The key orchestration decision is whether sub-tasks run in parallel (faster but requires more context aggregation logic) or sequentially with information passing between steps (slower but allows each step to refine based on prior findings). For fact-finding tasks, parallel is preferred. For tasks with logical dependencies — "first find the CEO, then research their background" — sequential chaining is necessary.
Design a web research agent for a law firm that needs to monitor regulatory changes across three jurisdictions daily. Your design must address:
This lesson explores reliability & safety — examining the key principles, real-world applications, and implications for practitioners working in this domain.

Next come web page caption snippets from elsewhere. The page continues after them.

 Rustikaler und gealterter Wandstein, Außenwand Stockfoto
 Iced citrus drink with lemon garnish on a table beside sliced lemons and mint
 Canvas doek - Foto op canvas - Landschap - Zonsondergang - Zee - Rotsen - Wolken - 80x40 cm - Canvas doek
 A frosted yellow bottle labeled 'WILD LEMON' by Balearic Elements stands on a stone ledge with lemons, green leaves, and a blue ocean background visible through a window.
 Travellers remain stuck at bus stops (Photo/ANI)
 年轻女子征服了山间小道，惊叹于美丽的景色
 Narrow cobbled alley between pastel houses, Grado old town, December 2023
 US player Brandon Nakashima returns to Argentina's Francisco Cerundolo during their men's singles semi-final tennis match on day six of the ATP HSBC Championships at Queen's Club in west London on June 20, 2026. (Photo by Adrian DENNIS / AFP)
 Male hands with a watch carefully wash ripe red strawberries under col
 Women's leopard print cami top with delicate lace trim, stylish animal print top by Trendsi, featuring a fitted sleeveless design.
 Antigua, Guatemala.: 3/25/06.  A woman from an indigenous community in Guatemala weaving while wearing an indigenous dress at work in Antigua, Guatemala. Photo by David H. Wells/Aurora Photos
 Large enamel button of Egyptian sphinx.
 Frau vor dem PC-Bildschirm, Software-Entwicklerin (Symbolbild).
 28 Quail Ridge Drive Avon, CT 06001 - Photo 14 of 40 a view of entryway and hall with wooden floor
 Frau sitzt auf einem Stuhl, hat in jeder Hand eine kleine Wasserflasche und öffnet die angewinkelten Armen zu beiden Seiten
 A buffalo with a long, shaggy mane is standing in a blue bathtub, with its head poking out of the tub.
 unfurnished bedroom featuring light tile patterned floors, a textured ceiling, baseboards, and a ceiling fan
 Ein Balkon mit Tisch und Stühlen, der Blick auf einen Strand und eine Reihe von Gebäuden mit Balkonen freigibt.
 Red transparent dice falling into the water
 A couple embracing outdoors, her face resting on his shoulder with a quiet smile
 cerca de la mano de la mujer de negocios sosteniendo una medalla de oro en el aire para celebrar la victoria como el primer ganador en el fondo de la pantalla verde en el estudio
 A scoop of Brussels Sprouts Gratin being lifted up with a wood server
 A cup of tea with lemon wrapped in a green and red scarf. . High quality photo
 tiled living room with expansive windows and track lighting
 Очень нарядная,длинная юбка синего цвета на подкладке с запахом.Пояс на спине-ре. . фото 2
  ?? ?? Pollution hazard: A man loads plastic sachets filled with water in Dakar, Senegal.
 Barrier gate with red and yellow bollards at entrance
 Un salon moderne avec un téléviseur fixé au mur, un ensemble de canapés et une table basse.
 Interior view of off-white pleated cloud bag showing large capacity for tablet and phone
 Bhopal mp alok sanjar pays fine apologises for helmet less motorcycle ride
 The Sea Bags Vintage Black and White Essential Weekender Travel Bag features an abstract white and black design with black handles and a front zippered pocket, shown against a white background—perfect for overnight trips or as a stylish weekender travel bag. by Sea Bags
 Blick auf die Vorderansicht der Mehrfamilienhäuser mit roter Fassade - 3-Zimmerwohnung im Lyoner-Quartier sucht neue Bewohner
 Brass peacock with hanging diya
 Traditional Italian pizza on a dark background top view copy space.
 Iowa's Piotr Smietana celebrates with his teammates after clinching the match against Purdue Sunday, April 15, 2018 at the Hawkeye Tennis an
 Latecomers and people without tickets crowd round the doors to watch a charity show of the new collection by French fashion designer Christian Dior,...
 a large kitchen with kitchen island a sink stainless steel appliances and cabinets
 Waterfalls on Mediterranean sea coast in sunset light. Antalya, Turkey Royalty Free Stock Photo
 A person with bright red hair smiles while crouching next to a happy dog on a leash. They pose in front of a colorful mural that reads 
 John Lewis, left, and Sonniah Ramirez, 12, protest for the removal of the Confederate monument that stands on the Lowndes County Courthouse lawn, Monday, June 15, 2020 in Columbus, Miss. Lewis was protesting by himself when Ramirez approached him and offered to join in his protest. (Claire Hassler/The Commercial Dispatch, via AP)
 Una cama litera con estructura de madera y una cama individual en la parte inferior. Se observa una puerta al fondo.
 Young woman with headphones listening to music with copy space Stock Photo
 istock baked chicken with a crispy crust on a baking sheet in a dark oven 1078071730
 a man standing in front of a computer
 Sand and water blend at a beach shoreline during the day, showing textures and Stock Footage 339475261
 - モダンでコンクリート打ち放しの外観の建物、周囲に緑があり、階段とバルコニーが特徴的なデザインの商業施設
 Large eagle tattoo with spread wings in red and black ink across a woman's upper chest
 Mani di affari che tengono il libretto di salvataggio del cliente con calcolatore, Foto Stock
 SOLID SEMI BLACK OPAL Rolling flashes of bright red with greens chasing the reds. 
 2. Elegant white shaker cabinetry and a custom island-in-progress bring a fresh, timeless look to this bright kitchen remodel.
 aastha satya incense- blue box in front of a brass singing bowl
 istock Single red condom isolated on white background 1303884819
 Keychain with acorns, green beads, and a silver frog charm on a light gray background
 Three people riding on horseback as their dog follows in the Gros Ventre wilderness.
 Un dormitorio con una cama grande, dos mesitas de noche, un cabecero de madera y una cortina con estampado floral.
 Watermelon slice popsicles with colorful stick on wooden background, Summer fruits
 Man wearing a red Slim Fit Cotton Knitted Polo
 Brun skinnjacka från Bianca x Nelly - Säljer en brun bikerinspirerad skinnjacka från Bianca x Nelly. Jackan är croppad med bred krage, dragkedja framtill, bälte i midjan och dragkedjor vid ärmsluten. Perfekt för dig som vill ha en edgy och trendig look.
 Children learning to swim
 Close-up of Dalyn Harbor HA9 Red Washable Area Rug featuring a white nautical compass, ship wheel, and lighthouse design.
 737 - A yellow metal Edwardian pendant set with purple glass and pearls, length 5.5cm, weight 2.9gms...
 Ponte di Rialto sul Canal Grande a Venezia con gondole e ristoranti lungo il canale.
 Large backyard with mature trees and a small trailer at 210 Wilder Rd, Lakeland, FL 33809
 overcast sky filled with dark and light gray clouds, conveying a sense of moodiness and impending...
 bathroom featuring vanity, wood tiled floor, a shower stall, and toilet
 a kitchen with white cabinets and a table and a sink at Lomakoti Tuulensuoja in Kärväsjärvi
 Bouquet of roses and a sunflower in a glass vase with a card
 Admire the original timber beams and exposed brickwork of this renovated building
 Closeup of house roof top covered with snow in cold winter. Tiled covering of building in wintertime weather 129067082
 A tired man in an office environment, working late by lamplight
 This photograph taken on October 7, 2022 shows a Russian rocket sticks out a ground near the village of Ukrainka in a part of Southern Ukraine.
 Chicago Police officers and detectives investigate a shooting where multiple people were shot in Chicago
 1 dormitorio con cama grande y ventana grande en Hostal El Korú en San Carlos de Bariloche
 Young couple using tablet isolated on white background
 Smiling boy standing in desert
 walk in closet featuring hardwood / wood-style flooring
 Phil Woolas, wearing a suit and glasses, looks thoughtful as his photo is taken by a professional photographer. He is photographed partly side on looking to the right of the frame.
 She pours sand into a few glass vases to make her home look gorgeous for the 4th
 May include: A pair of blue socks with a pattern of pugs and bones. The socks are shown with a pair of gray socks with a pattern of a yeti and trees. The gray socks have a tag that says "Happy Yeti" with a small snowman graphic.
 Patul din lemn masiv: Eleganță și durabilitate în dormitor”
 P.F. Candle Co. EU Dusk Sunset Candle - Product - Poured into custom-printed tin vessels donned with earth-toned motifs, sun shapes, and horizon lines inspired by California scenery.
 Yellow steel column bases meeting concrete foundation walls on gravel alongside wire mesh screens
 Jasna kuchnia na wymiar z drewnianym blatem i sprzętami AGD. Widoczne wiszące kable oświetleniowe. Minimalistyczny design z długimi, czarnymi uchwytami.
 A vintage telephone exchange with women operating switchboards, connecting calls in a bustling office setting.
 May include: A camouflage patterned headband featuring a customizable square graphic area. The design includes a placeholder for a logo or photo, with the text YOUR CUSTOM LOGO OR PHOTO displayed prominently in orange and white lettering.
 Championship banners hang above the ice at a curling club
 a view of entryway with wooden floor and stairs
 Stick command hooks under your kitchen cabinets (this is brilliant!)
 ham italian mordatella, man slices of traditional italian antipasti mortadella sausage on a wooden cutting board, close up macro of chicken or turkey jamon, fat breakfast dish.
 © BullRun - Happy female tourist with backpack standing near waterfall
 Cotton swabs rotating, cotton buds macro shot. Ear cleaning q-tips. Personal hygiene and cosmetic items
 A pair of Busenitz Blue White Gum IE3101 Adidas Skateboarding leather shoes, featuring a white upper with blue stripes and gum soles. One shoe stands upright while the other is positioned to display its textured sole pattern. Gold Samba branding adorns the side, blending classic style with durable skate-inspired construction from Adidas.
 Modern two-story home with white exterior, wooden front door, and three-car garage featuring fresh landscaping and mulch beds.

Understanding this topic requires both theoretical grounding and practical awareness of how these concepts manifest in deployed systems. The frameworks covered in earlier lessons provide the foundation; this lesson connects them to implementation reality.
The transition from theory to practice reveals challenges that pure conceptual frameworks don't capture. Real-world deployment introduces constraints, trade-offs, and edge cases that demand nuanced judgment rather than rigid rule-following.
Effective practitioners in this space develop the ability to reason across multiple frameworks simultaneously, recognizing when different perspectives apply and how to resolve conflicts between competing priorities.
As this field continues to evolve, the principles covered in this module will remain foundational even as specific technologies and implementations change. The ability to think critically about these topics — rather than simply memorizing current best practices — is what separates effective practitioners from those who merely follow checklists.
Use the AI below to explore the concepts from Lesson 4 in depth. Ask questions, challenge assumptions, and work through practical scenarios related to reliability & safety.